Throughout history, tales of brave, courageous people being executed for their beliefs, usually religious ones, are well known but the men who became known as the Tolpuddle Martyrs were not persecuted for their religion.

Tolpuddle is a village near Dorchester in Dorset, where in the years 1833 and 1834 a great wave of trade union activity took place and a lodge of the Friendly Society of Agricultural Labourers was established. Entry into the union involved payment of a shilling (5p) and swearing before a picture of a skeleton never to tell anyone the union’s secrets.

Lord Melbourne was Prime Minister at this time and he was bitterly opposed to the Trade Union Movement, so when six English farm labourers were sentenced in March 1834 to 7 years transportation to a penal colony in Australia for trade union activities, Lord Melbourne did not dispute the sentence.
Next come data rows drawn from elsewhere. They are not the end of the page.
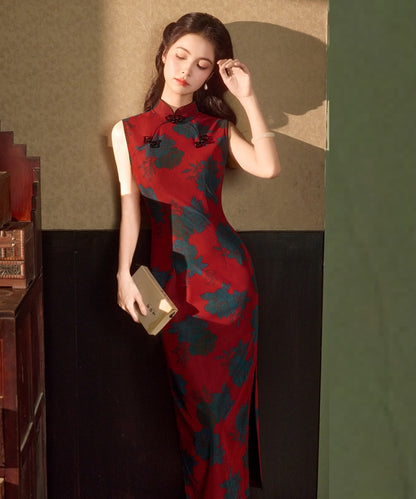 Olivgrüne Cheongsam mit Neckholder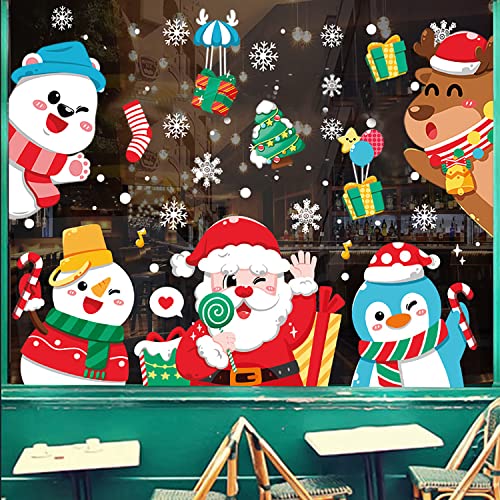 Weihnachtsdeko Fenster,Fensterbilder Selbstklebend Große Größe Weihnachten Fenstersticker,Weihnachtsdeko Sale Winter Deko Fensterbilder Weihnachten,4 Stück Weihnachten Fensterbilder Kinderzimmer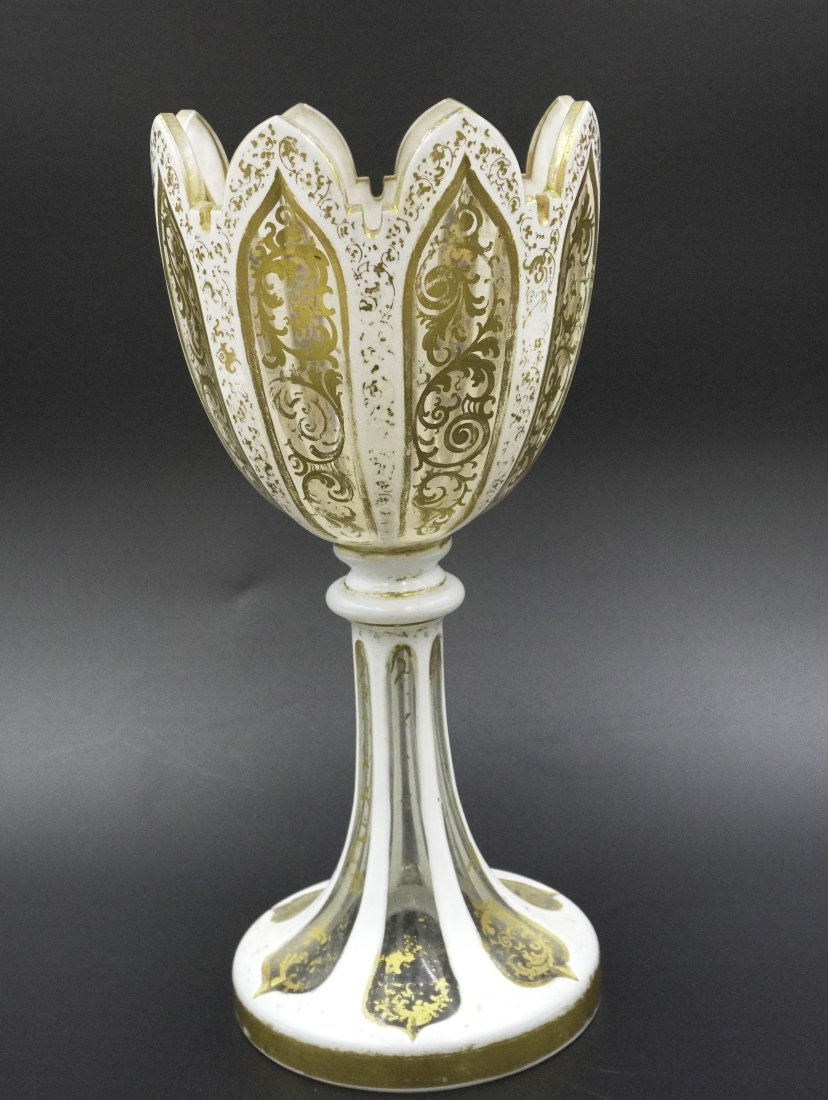 BOHEMIAN WHITE GILT GLASS COMPOTE: Antique Bohemian Cut Glass Compote. White and Gilt Enamel on Clear. Measures 4 1/2"x11 1/2".Weight 2 lbs 1 oz. PROVENANCE: A Charleston SC Private Collection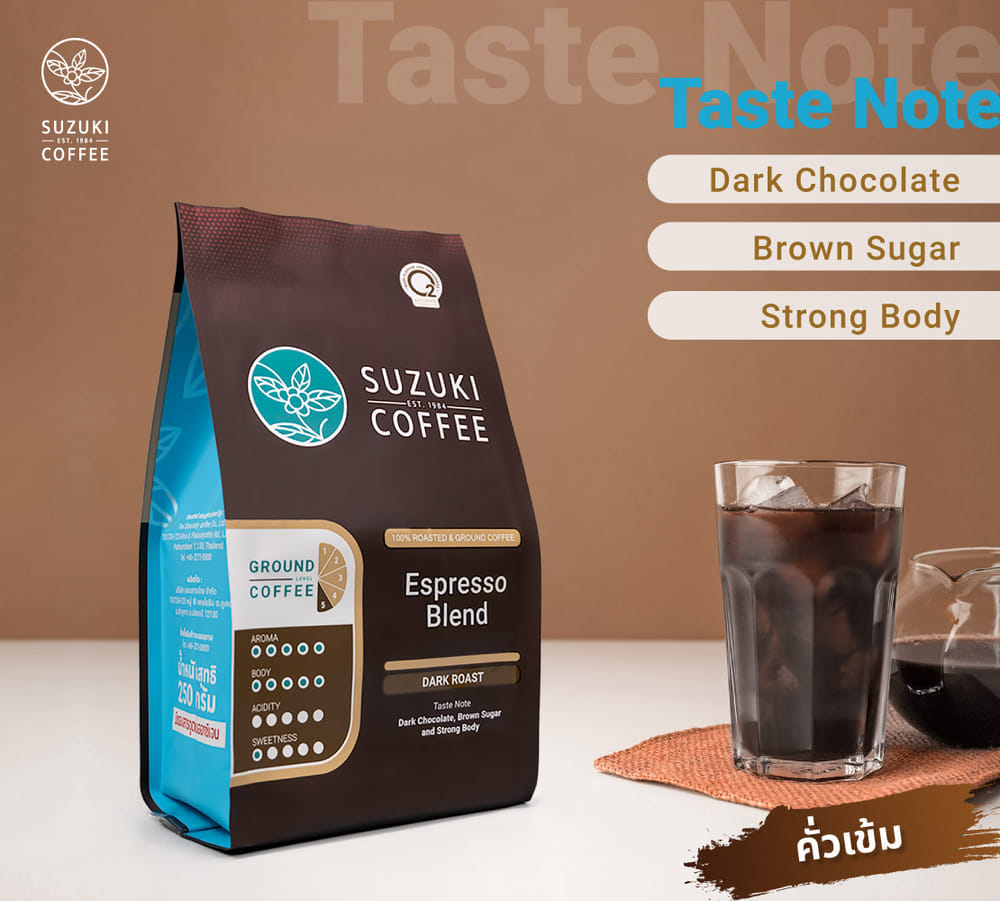 กาแฟคั่วบด SUZUKI COFFEE เอสเปรสโซ เบลนด์ คั่วเข้มมาก 250กรัม_7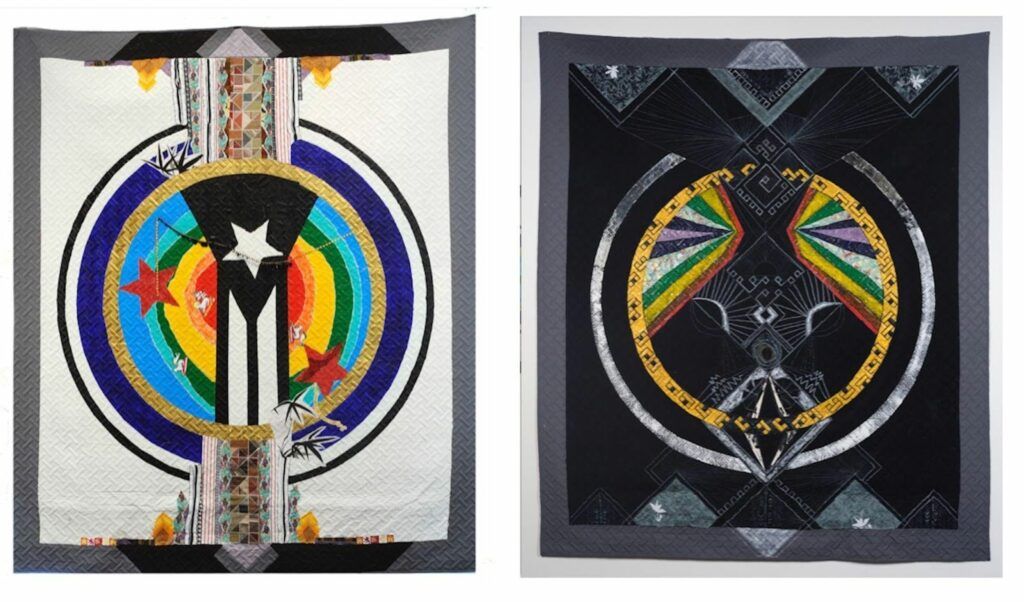 Two sides of a vertical quilt side by side. One of the left features a circular rainbow and the Puerto Rican independence flag. The one on the right features prism-like structures that reflect two rainbows on either side.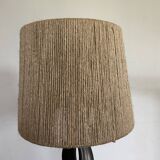 Lampe forme libre céramique noire années 50 abat jour corde dlg marcel giraud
The labourers were arrested ostensibly for administrating unlawful oaths, but the real reason was because they were trying to protest at their already pitiful wages. The labourers at Tolpuddle lived in meagre poverty on just 7 shillings a week and wanted an increase to 10 shillings, but instead their wages were cut to 6 shillings a week.

The Whig government had become alarmed at the working class discontent in the country at this time. The government and the landowners, led by James Frampton, were determined to squash the union and to control increasing outbreaks of dissent.

Six of the Tolpuddle labourers were arrested: George and James Loveless, James Brine, James Hammett, Thomas Stansfield and his son John. It was George Loveless who had established the Friendly Society of Agricultural Workers in Tolpuddle.

At their trial, the judge and jury were hostile and the six were sentenced to 7 years transportation to Australia. After the trial many public protest meetings were held and there was uproar throughout the country at this sentence, so the prisoners were hastily transported to Australia without delay.

The people were incensed at this treatment and after 250,000 people signed a petition and a procession of 30,000 people marched down Whitehall in support of the labourers, the sentences were remitted. After some delay, the the six were given a free passage home from Australia.

When finally home and free, some of the ‘martyrs’ settled on farms in England and four emigrated to Canada.

The tree under which the ‘martyrs’ met is now very old and reduced to a stump, but it has become a place of pilgrimage in Tolpuddle, where it is known as the ‘Martyrs Tree’. A commemorative seat and shelter was erected in 1934 on the green by the wealthy London draper Sir Ernest Debenham.

The story of the Tolpuddle Martyrs is perhaps the best known case in the early history of the Trade Union Movement.